Today proved to be an exciting and profitable one for Larry Haverstock and me. We traveled south along highway 60 from Jerusalem, past Bethlehem, and almost to Hebron before turning back and heading west to the Elah Valley. On the way to Hebron one sees many examples of terraced farming, and vineyards in wadis.

In the Elah Valley vicinity we stopped at Socoh, the Brook Elah, and the Elah Fortress at Khirbet Qeiyafa. We also had a nice view of Azekah. This area is associated with the events of 1 Samuel 17 (David and Goliath).

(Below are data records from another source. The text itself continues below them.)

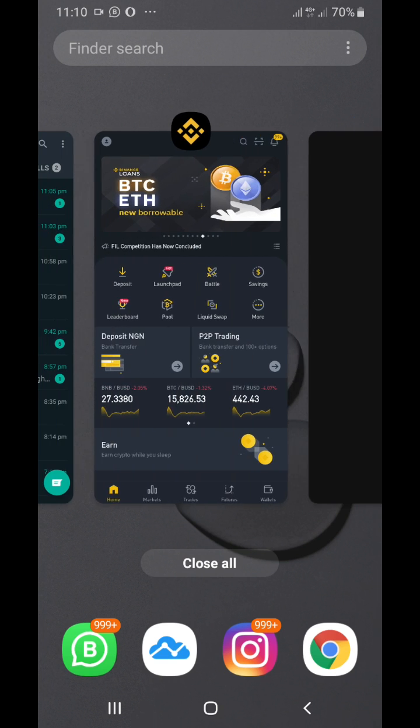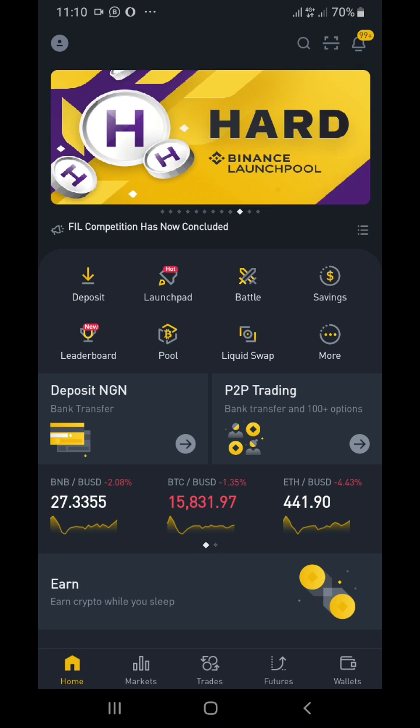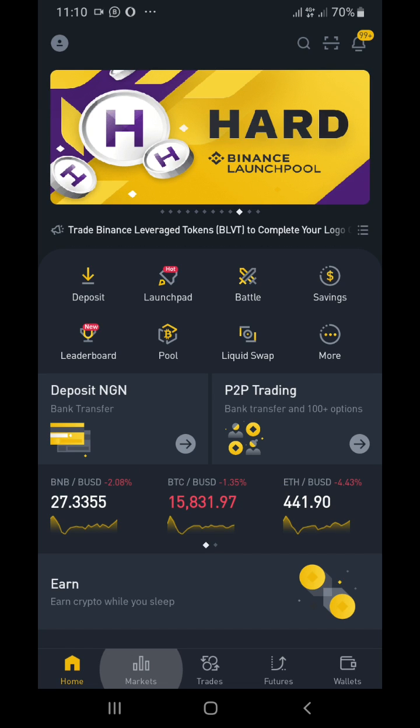Now we're going to move to the Binance account. Once you have the Binance account, this is what appears. You can see home, market, and other options.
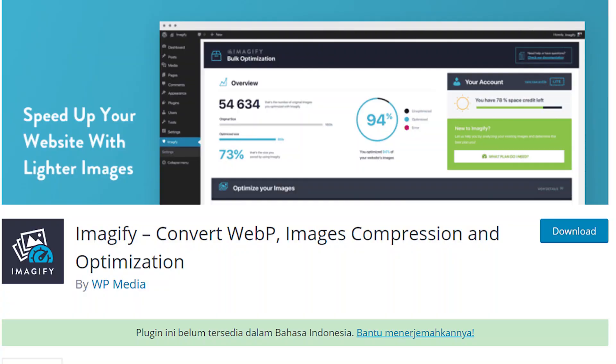We also have a plugin called Imagify. This has a free version and a premium version. We also have a great feature for the free version, and an option to easily optimize our images. There is also an option for WebP conversion.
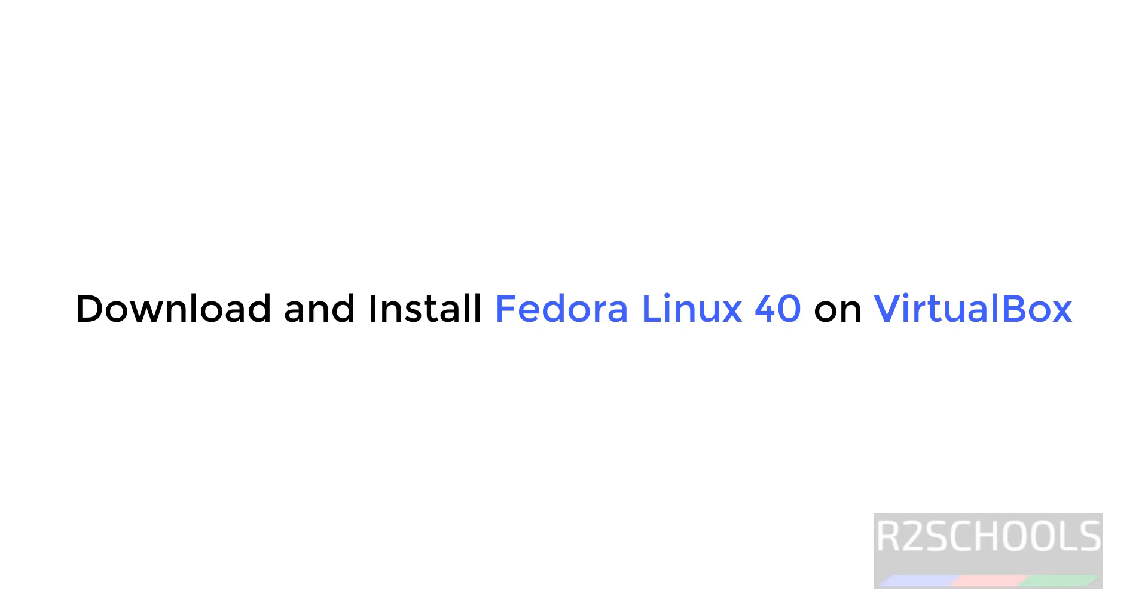Hello guys, in this video we will see how to download and install Fedora Linux 40 on VirtualBox.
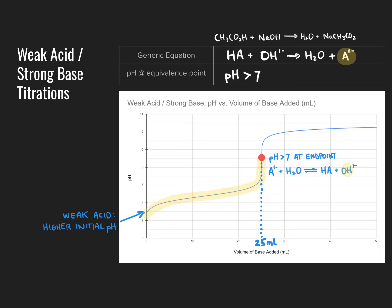Past the endpoint, the same logic applies: excess strong base causes a very high pH toward the end. So we see two key differences in the weak acid-strong base titration: a higher initial pH of the analyte solution, and a higher pH at the endpoint due to the presence of the conjugate base.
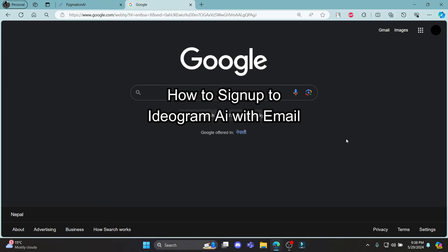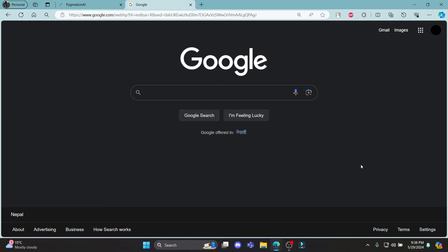Do you want to know how you can sign up to Ideogram using email? If yes, then this video is for you.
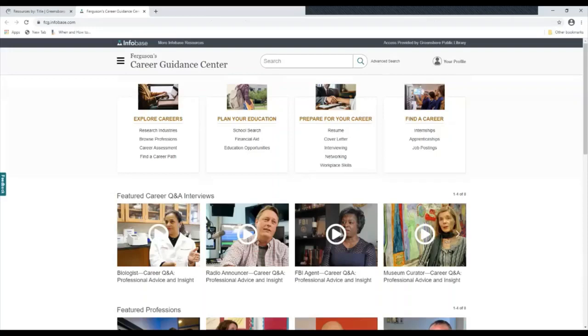The first thing we're going to do, we can't look at all of the resources today. We'll look at some of the highlights of this database.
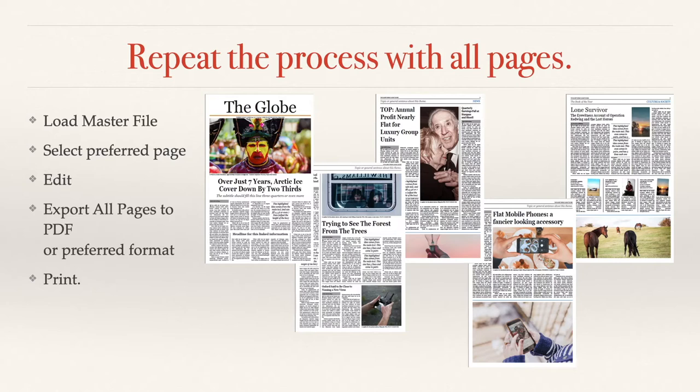Load your master file, select your preferred page and edit that page. You can export all pages to PDF or preferred format, you might want to export them as a PNG, and you can print out the resulting pages.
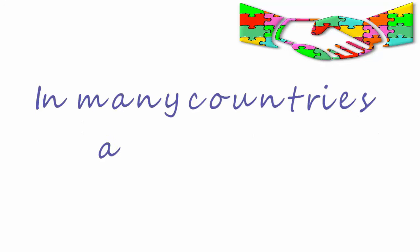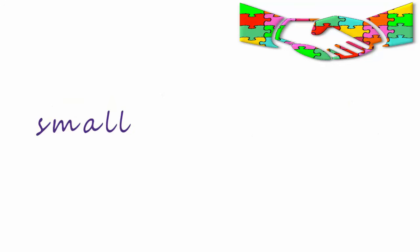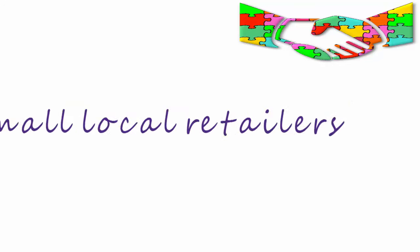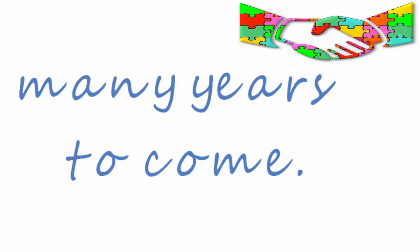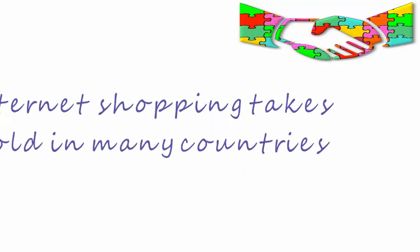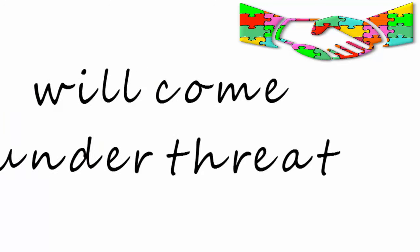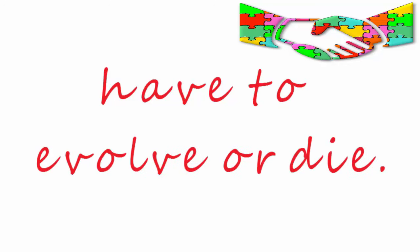New developments. In many countries and regions there will be small local retailers for many years to come, but as internet shopping takes hold in many countries, the traditional high street or shopping area will come under threat and will have to evolve or die.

The photo below shows the Iron Age, four chamber gate at the Elah Fortress. This is the northern gate which faces Azekah. This scene is reminiscent of the reference to the worthy woman in Proverbs 31.

Her husband is known in the gates when he sits among the elders of the land. (Proverba 31:23 ESV)

Ferrell Jenkins in the Gate at Elah Fortress at Khirbet Qeiyafa

Ferrell Jenkins in the Gate at Elah Fortress at Khirbet Qeiyafa.

Next we went to the Midras Ruins to see the Roman period tomb with a rolling stone. This is the tomb that was vandalized more than 15 years ago. (At the moment the photo below is not showing when I preview it, but it is visible when I click on the link.)

Roman Period Tomb at Midras Ruins in the Shephelah. Photo by Ferrell Jenkins.

Roman Period Tomb at Midras Ruins in the Shephelah. Photo by Ferrell Jenkins.

The Midras Ruins (Horvat Midras) in Israel are part of the Adulam Grove Nature Reserve east of Hwy 38 between the Elah Valley and Beit Guvrin. According to the Parks department sign at the site, the ruins are part of an ancient settlement including caves, pits, and other installations. The Carta touring atlas says the area was continuously inhabited from the time of the Kings of Judah to the Roman period.

For a more complete discussion of the Midras Ruins tomb, along with links to photos before the tomb was vandalized, read here.

We made a few photos of Tel Burna. This tel is often identified with Moresheth Gath, the home of the prophet Micah. The current excavators think it may prove to be biblical Libnah. One of the significant events that took place at Libnah is recorded here:

The Rabshakeh returned, and found the king of Assyria fighting against Libnah, for he heard that the king had left Lachish. (2 Kings 19:8 ESV)

The Tel Burna Archaeological Excavation is under the direction of Itzhaq Shai and Joe Uziel. Check their web site here.

Our last stop was for a photo of nearby Tel Zayit. The archaeologists who have worked there suggest that it may be Libnah or Ziklag. Hopefully we will learn something more definitive in the years to come. Ron E. Tappy is director of the Zeitah Excavations. Check their web site here.

We visited Lachish and Gath last Friday with our group. All in all, it was a wonderful day.